The Dehalococcoides (DHC) are known for their ability to gain energy by dechlorinating organochlorine compounds.  Bioremediation utilizing DHC is growing in use, particularly at sites contaminated with the chlorinated solvents tetrachloroethene (PCE) and trichloroethene (TCE).  Each DHC strain, however, has a uniquely wide substrate range (in addition to PCE/TCE, strains can dechlorinate PCBs, chlorobenzenes, chlorophenols, dioxins, and chloroethanes).  While all DHC genomes sequenced thus far contain a core set of about 1000 genes, substantial differences are seen in the suite of reductive dehalogenase (RDase) genes contained in the different genomes. 

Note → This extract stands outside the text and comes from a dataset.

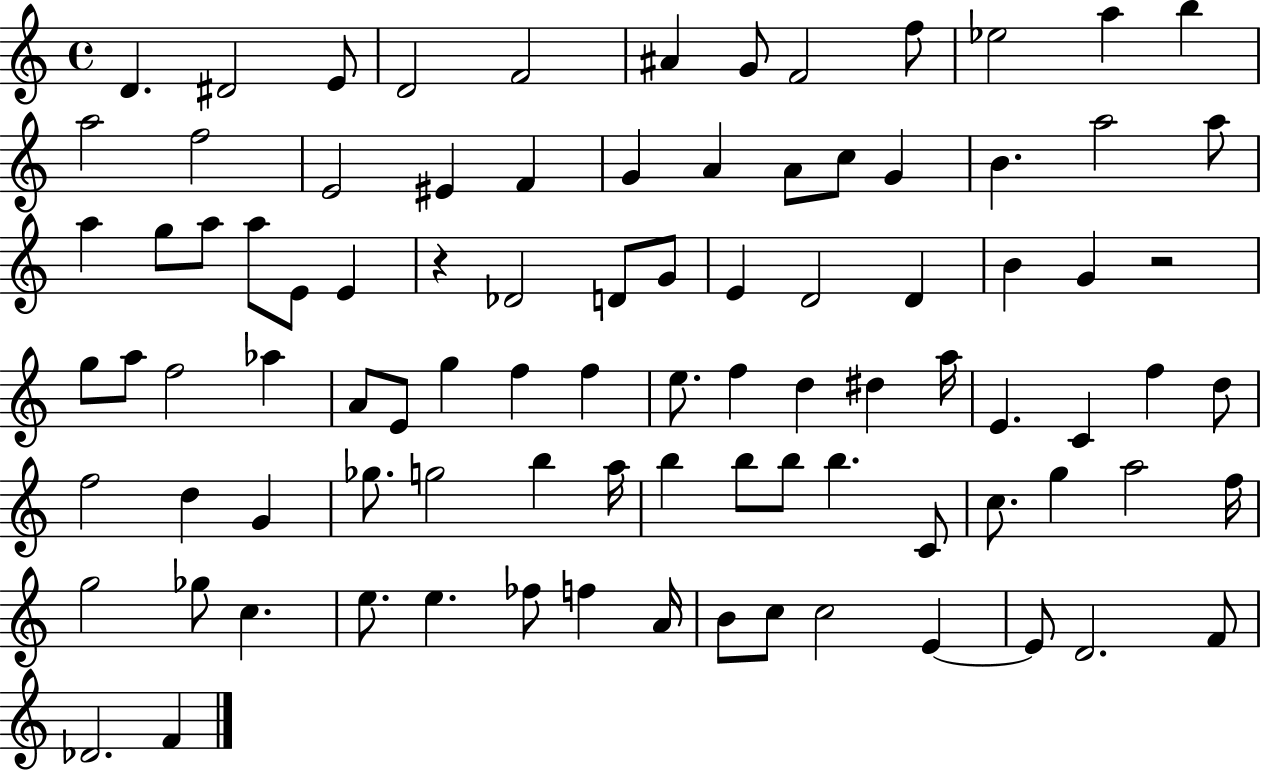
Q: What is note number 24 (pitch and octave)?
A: A5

To explore expression patterns for both the conserved genes and the strain-specific RDases we have employed shotgun proteomics on DHC-containing cultures. Analyses with and without isobaric tags (iTRAQ) detected dozens of DHC proteins simultaneously in different culture samples.  The results have been analyzed to elucidate candidate bioindicator proteins/enzymes that might be monitored at contaminated sites to assess in situ bioremediation.  In follow up work, peptide-specific quantification assays were developed to monitor selected bioindicators (including specific RDases) and report them in fmole/mL or proteins/cell. Results will be discussed for two dechlorinating microbial communities: the commercially viable KB1 culture and a mixed culture containing D. ethenogenes Strain 195.

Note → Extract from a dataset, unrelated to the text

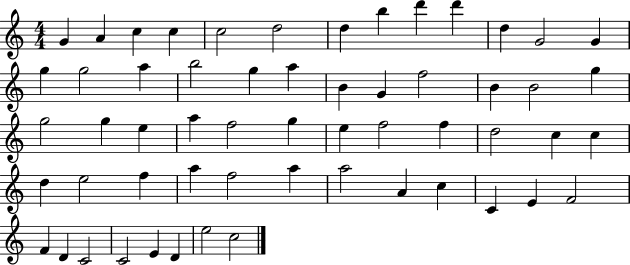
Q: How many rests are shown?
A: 0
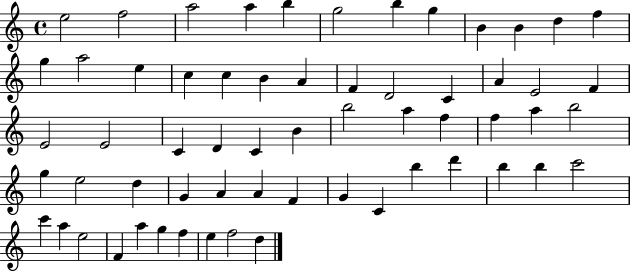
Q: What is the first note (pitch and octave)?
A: E5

Despite their importance and promise for bioremediation, our understanding of the biology of DHC is quite limited.  Ultimately, the proteome results from growth under a range of conditions will be analyzed with probabilistic network inference algorithms to elucidate possible gene networks in the DHC– particularly those associated with desirable substrate conversion capabilities.